作成時のポイントとしては、以下のようなものがあります。
- 就業時間
- 就業場所
- 就業上の情報の取り扱い
- 在宅勤務中の費用負担
- 在宅勤務中の手当支給
それぞれ休日労働や残業の扱いなど細かく検討しなければならない点がいくつもあるので、時間をかけて取り組みましょう。
必要なツールを導入する
遠隔で行われるコミュケーションが円滑に行われなかったり、データ管理がしっかり行われていなければ、生産性が上がるどころか効率が下がってしまいます。リモートワーク導入のためには、リモートワークの様々なデメリットを最小限に抑え生産性を上げるためのツールを導入する必要があります。
導入するべきツール
リモートワークを成功させるためにはITツールの導入が不可欠ですが、企業それぞれに適したものを選択しなければうまく機能しません。ここでは、中小企業に適したITツールをご紹介します。
チャットツール
リモートワークでは社員同士のコミュニケーションが減り、一体感がなくなることが懸念されます。そのため、タイムラグのないコミュニケーションを、気軽に行うためのチャットツールが必要です。気軽にタイムラグがないコミュニケーションを行うためのチャットツールの導入が不可欠です。チャットツールとして以下の二つがおすすめです。
Slack
今流行りのチャットツールで、チャンネル数に制限がなく、事業・プロジェクトごとにチャンネルを分けて、必要な人だけに情報を共有することが出来ます。デザインがシンプルで分かりやすく、セキュリティ性が高いことで評価されています。

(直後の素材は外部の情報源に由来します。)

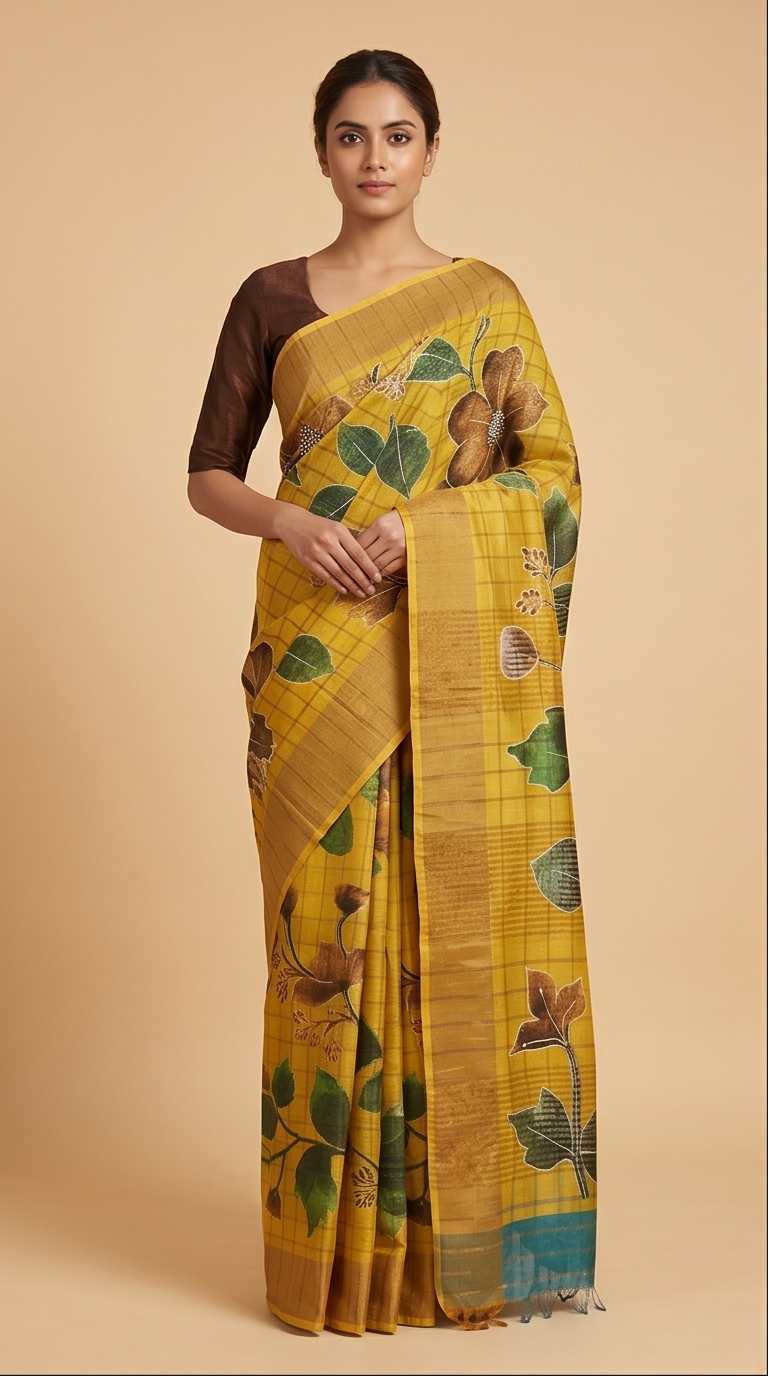 TUSSAR SAREE WITH HANDWORK - View 4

中小企業向けのスタンダードプランであれば、月額850円と手ごろな価格となっています。
ファイル共有ツール
リモートワークでは情報格差が生じてしまう恐れがあるため、情報共有を円滑に行うツールの導入が不可欠です。ファイル共有ツールとしておすすめのものが以下の2つです。
Google ドライブ
Google ドライブの優れている点は、ドキュメント、スプレッドシート、プレゼンテーションに関してWEB経由で他の人と共同できることです。編集可能にするか閲覧のみにするかも自由に設定できるため管理が容易です。
ドキュメント共有ツール
情報共有を円滑に行うツールとしてドキュメント共有ツールも書かせません。例えば、ちょっとした作業の進め方やプロジェクトの進行状況など、オフラインであれば口頭でさくっと伝えていたような内容であっても、オンラインだと誤解なく、誰にでも、いつでも伝わるようにドキュメントに起こしておくことが望ましいです。Notion
Notionは社内用のWikiツールです。カテゴリに分けて階層構造を持たせたり、カンバン形式でタスクを管理したり、など情報を見やすく整理するための機能がとても豊富です。overflowでは、以前は他のサービスを使用していましたが、機能性の高さからNotionに移行しました。まとめ
今回は、中小企業のリモートワークの現状と導入するのに必要なことについてご紹介しました。現在中小企業ではリモートワークの導入が進んでいませんが、適切な施策を施した上で導入すれば生産性があがり企業に大きな利益をもたらします。また、社員にとっても自由な時間が増え、ストレスの軽減が見込めるため早期にリモートワークに移行することをおすすめします。